Task to complete | Write out, exactly and in full, the records given below, but not their pictures.

Web page caption snippets |
--- --- ---
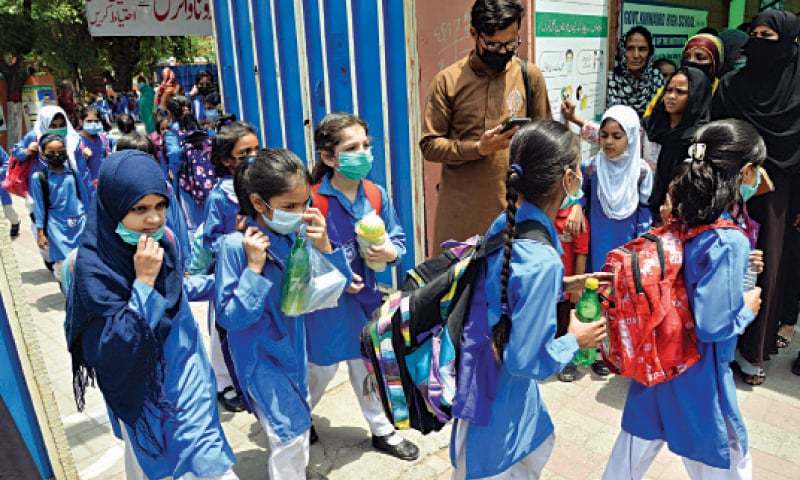 Punjab Government to Reward Top 100 Schools with Rs 100 Million Punjab Government to Reward Top 100 Schools with Rs 100 Million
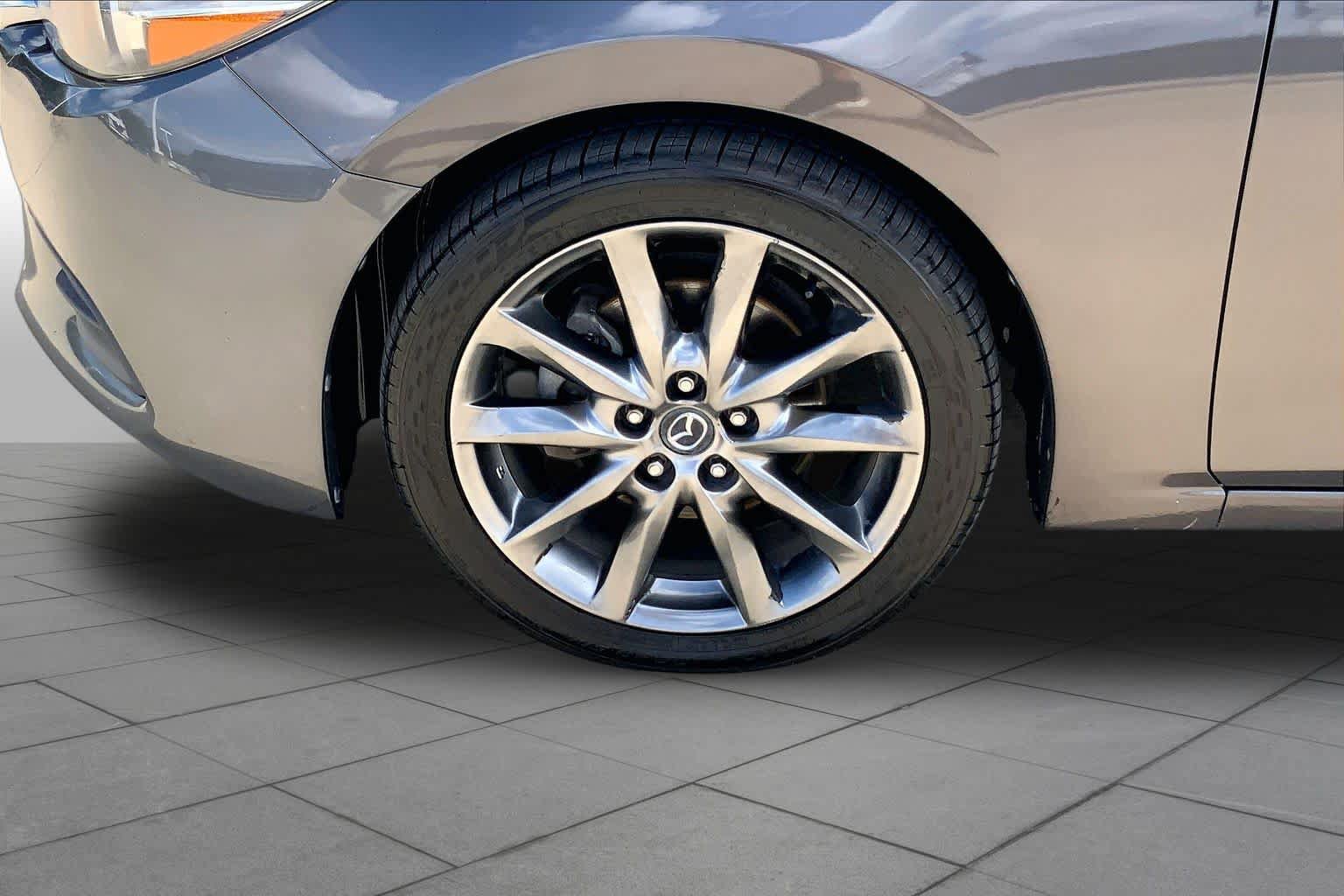 Used 2018 MAZDA MAZDA3 Touring FWD image 11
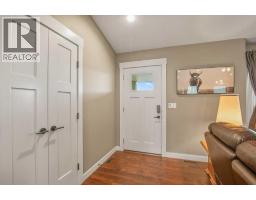 Living room - 4705 58 Avenue, Rimbey, AB T0C2J0 Photo 4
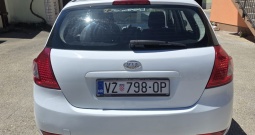 Kia Cee'd 1. 4 prodajem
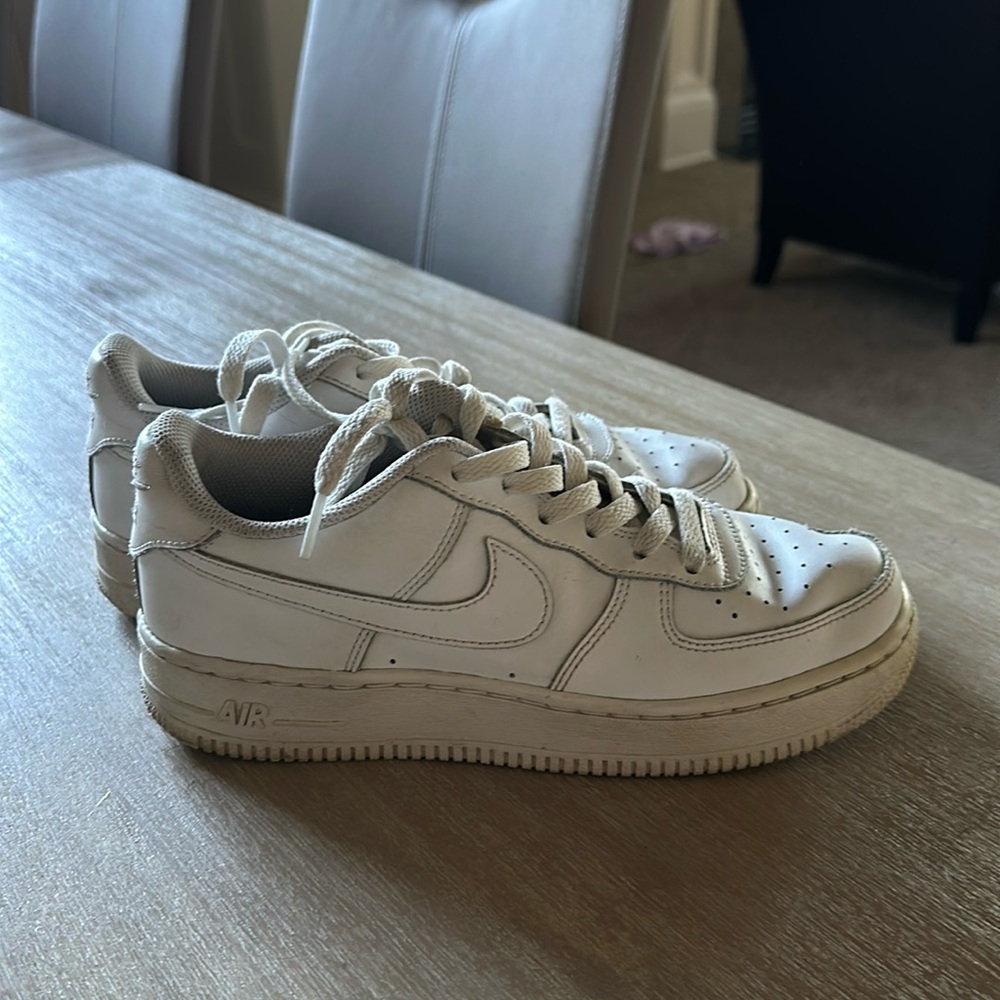 NIKE AIR FORSES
--- --- ---
Solution |
 Punjab Government to Reward Top 100 Schools with Rs 100 Million Punjab Government to Reward Top 100 Schools with Rs 100 Million
 Used 2018 MAZDA MAZDA3 Touring FWD image 11
 Living room - 4705 58 Avenue, Rimbey, AB T0C2J0 Photo 4
 Kia Cee'd 1. 4 prodajem
 NIKE AIR FORSES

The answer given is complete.